Uma das partes mais importantes práticas de um processo de IM é a análise. Sem ela, não conseguimos encontrar as respostas certas para alavancar os negócios. Mesmo sendo uma atividade que depende intrinsecamente das necessidades do decisor para acontecer, existem algumas ações que devem ser encaradas como essenciais, pois ajudam em qualquer processo de análise de dados. Confira, a seguir, quais são elas:

Qualquer análise necessita de objetivos;
• 
Não existe uma maneira certa para analisar;
• A análise precisa ser constante;
• 
O propósito é oferecer sempre alternativas para a tomada de decisões e de ações;
• 
Interferências levam a insights e não a dados ou mesmo informações;
• 
O resultado deve ser focado no futuro e não no presente ou passado;
 
Faça hipóteses e teste as potenciais conclusões.

 

6 Consigo conduzir um processo de inteligência sem tecnologia?

Essa é uma das perguntas mais comuns e a sua resposta não é muito difícil. Hoje, é praticamente impossível não pensar em automação de processos como aliada no tratamento de um grande volume de dados. Entretanto, o processo de inteligência continua dependendo muito da capacidade humana de ter insights, perceber sinais fracos num ambiente cada vez mais complexo e então construir recomendações criativas para fazer as organizações estarem ainda mais capacitadas para competir.

De qualquer forma, a tecnologia é grande aliada em todas as fases do processo de IM, mas, sobretudo, na etapa de coleta, quando os robôs são o principal recurso tecnológico usado para a captura e organização de dados. Na fase de análise e disseminação, ela pode ser eficiente em casos simples, como comparar dados e enviá-los às áreas competentes de forma automática, por exemplo, ou na avaliação prévia de um grande volume de informações não-estruturadas.

 

7 Qual a diferença entre o analista de IM e o cientista de dados?

O analista de IM é responsável por buscar, refinar e selecionar aquelas informações que confirmam hipóteses, antecipam tendências, identificam problemas, entre outros pontos que subsidiam análises e decisões de acordo com a necessidade e timing do negócio.
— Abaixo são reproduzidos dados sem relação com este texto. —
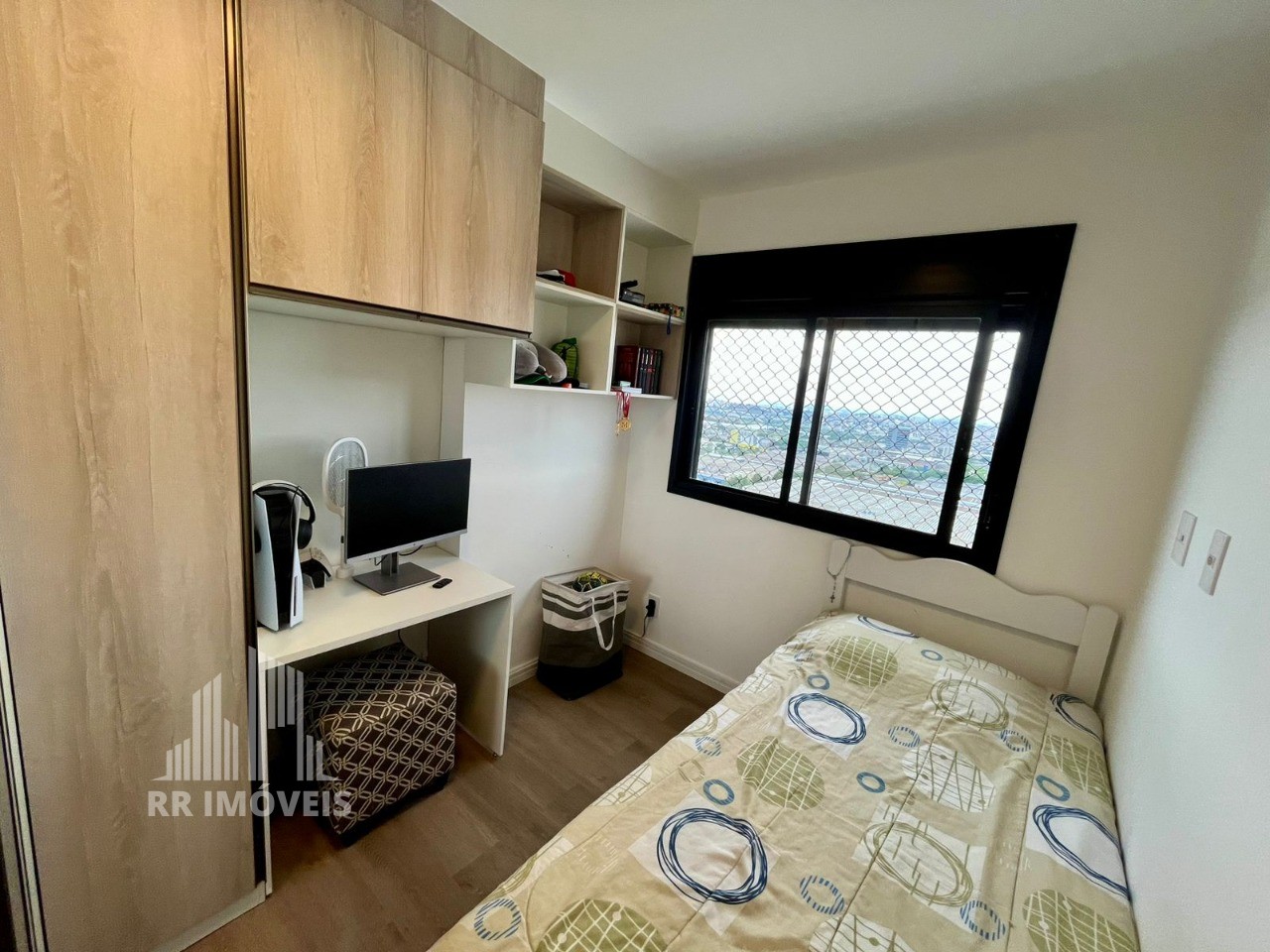 Apartamento, 3 quartos, 153 m² - Foto 18
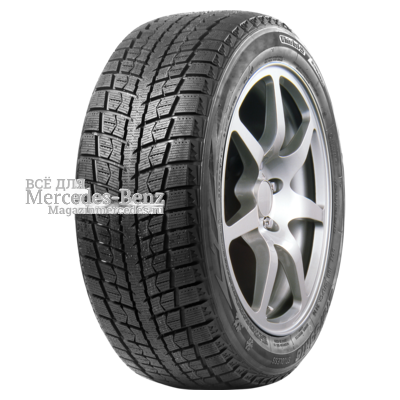 175/65R14 86T Winter Defender Ice I-15 TL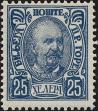 Stamp ID#342381 (1-354-768)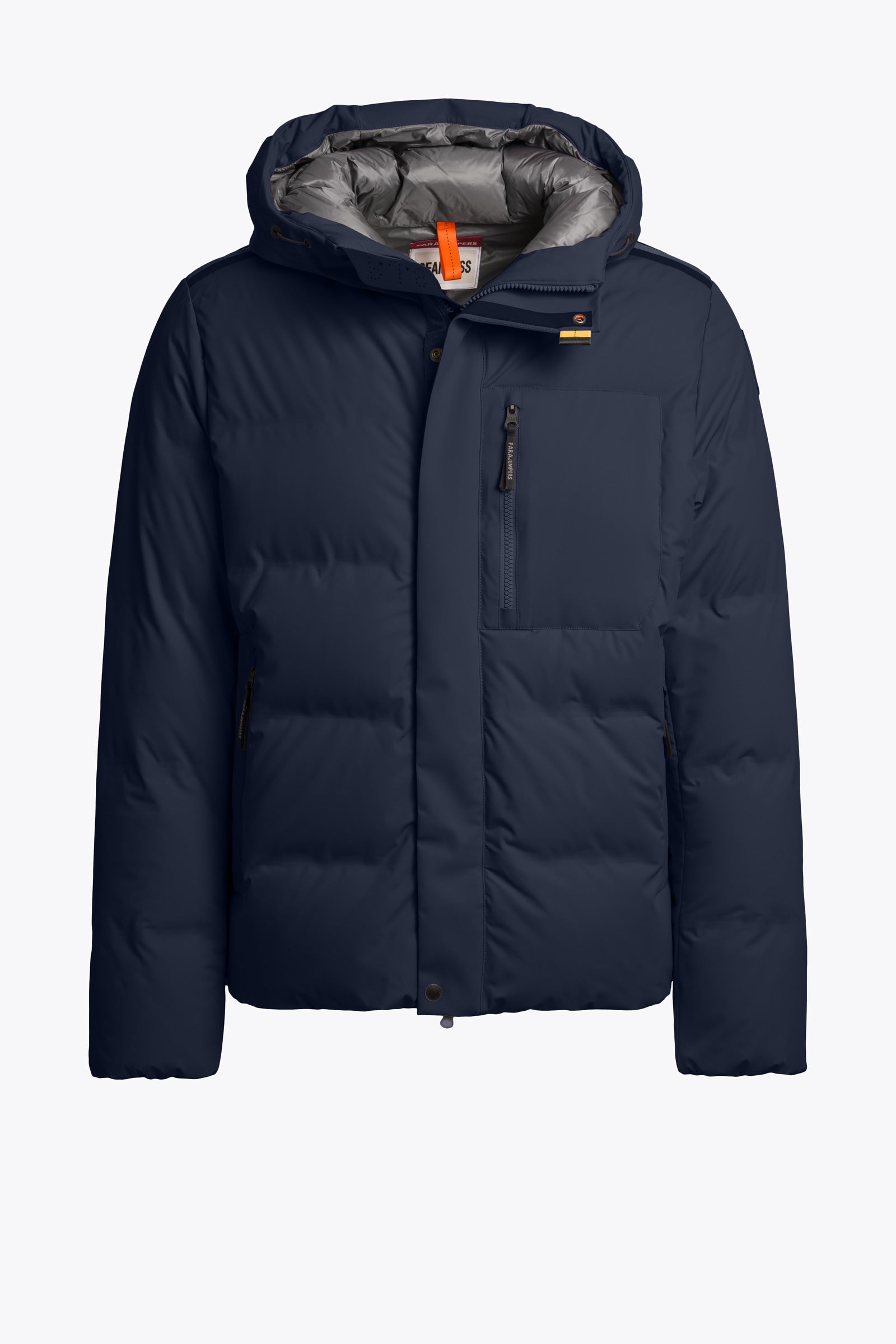 PARAJUMPERS TAIGA DUN JAKKE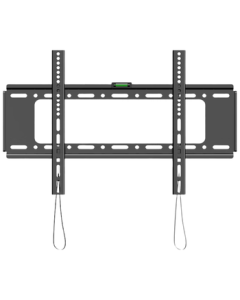 Beishi 40-80 Inch TV Wall Mount Bracket for 55/65/75 Inch TVs, Compatible with Hisense Vidda, Skyworth, TCL, Thunderbird, Sony, Huawei, and More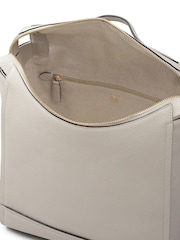 Radley White Oak Street Medium Backpack - Image 3 of 4
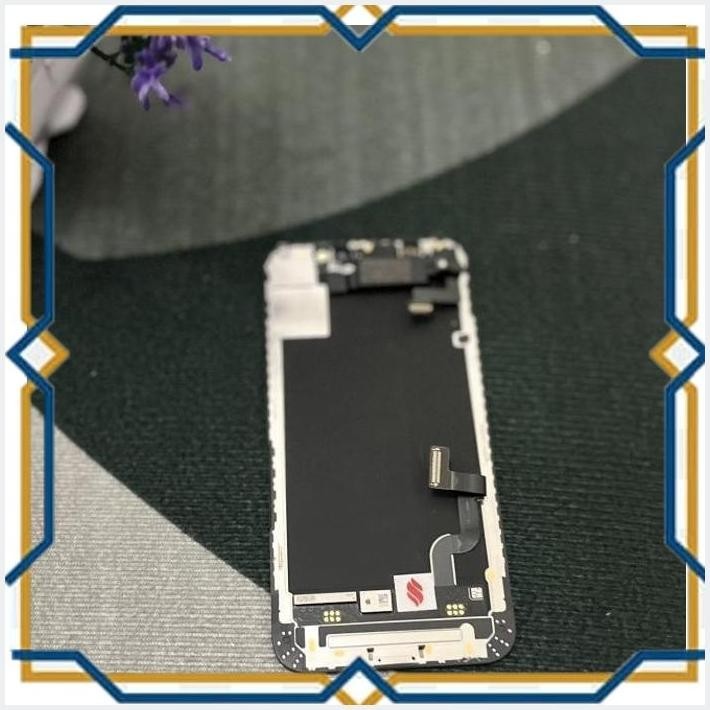 [LCD] LCD IPHONE 12 MINI ORIGINAL COPOTAN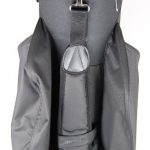 Bennington DRY QO 9 Waterproof – gebraucht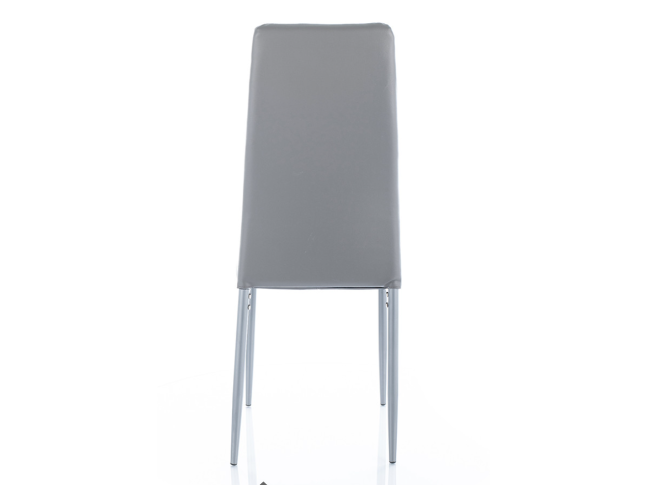 Kėdė H-261 BIS ALU 3
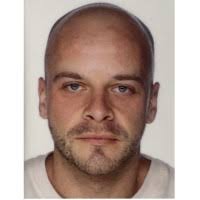 800+ Profile mit dem Suchbegriff „Lamm“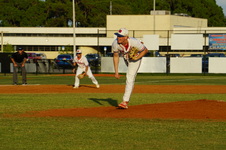 Enlarge photo 214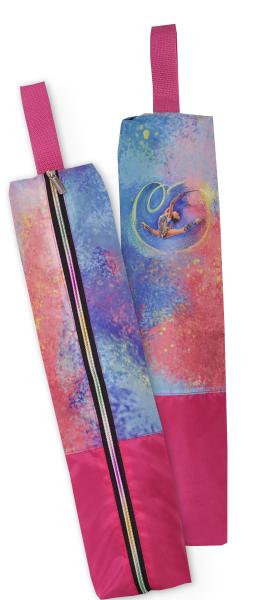 Variant Sublimated club case 310 (034)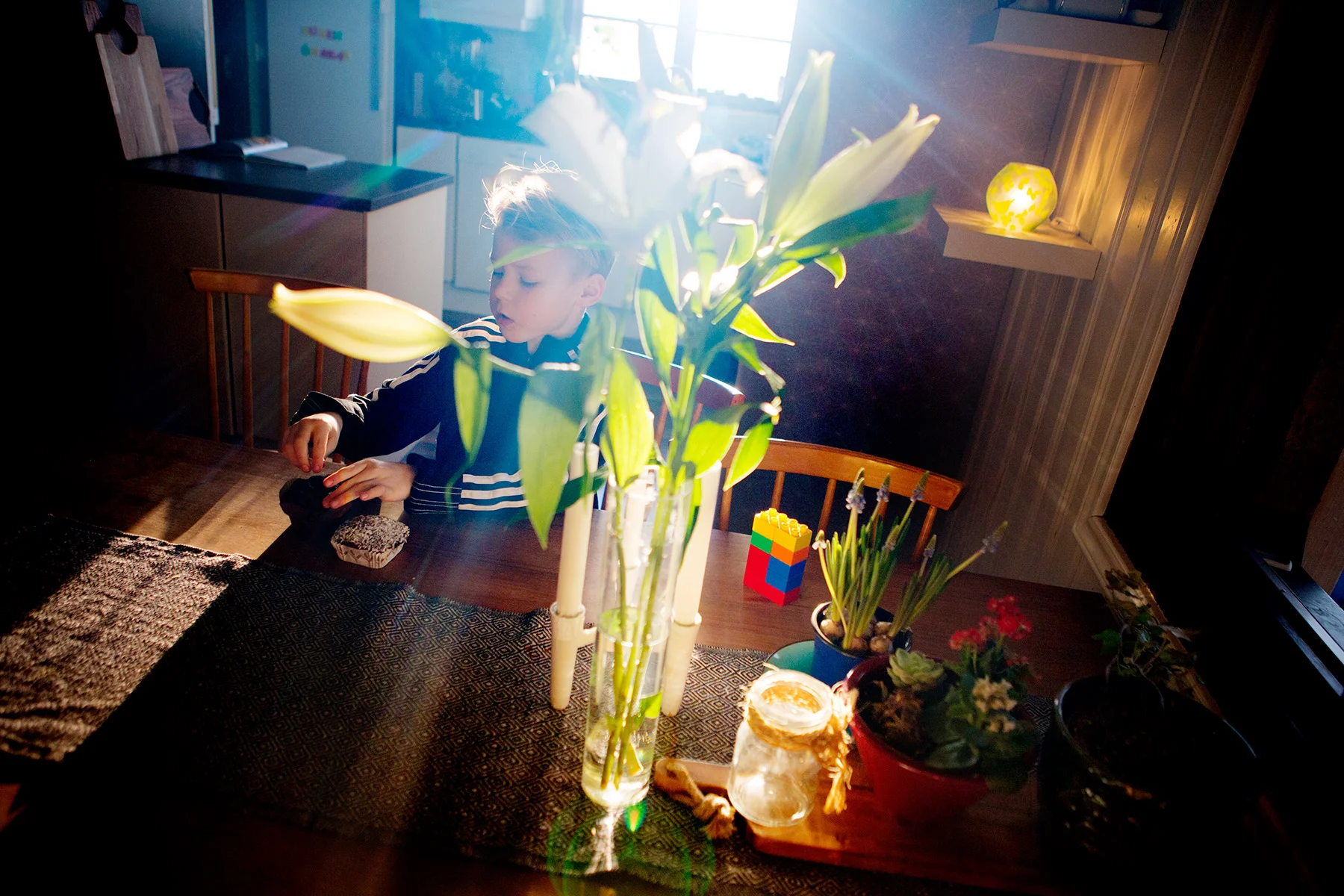 blogg-170213solinne3.jpg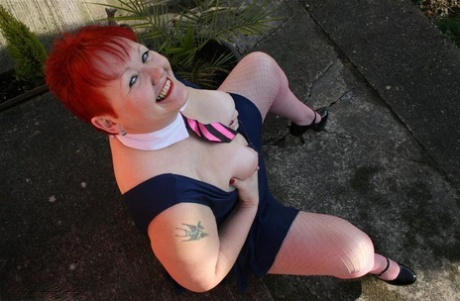 chubby boy enjoying masturbating beautiful nude picture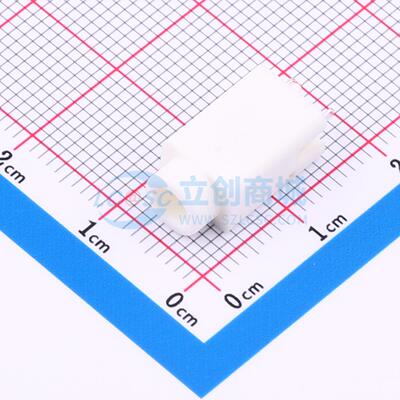 3.5mm耳机座 PJ-359-W 插件 1A 12V 原装正品 电子元器件配单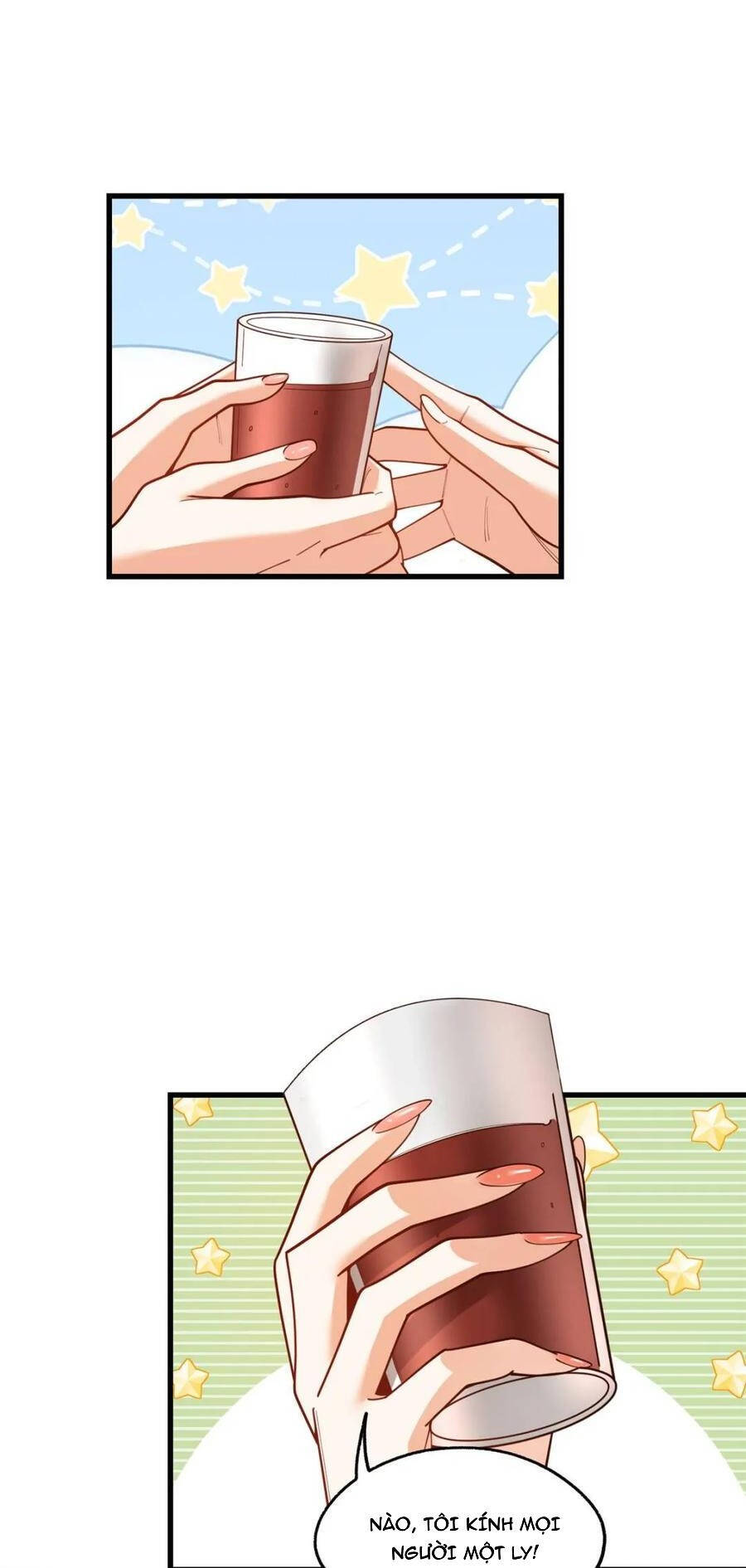 Trọng Sinh Không Làm Chạn Vương, Tôi Một Mình Nạp Game Thăng Cấp Chap 194 - Next Chap 195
Eles não precisam ser experts em estatística ou em computação, mas estar a par dessas duas habilidades pode ser produtivo para a profissão.

Por outro lado, o cientista de dados é um especialista analítico que desenvolve habilidades técnicas para a gestão de problemas complexos. Ele cria algoritmos para extrair insights valiosos de dados, entende conceitos estatísticos, domina a utilização de ferramentas analíticas e trabalha com uma variedade de linguagens de programação.

Enquanto um está mais ligado a estratégia de negócio da empresa (analista de IM), o outro tem como foco agilizar o processo de análise e lapidação das informações (cientista de dados). No entanto, ambos atuam com base em análise de dados inteligente, e é isso que une essas duas profissões e as torna ainda mais próximas.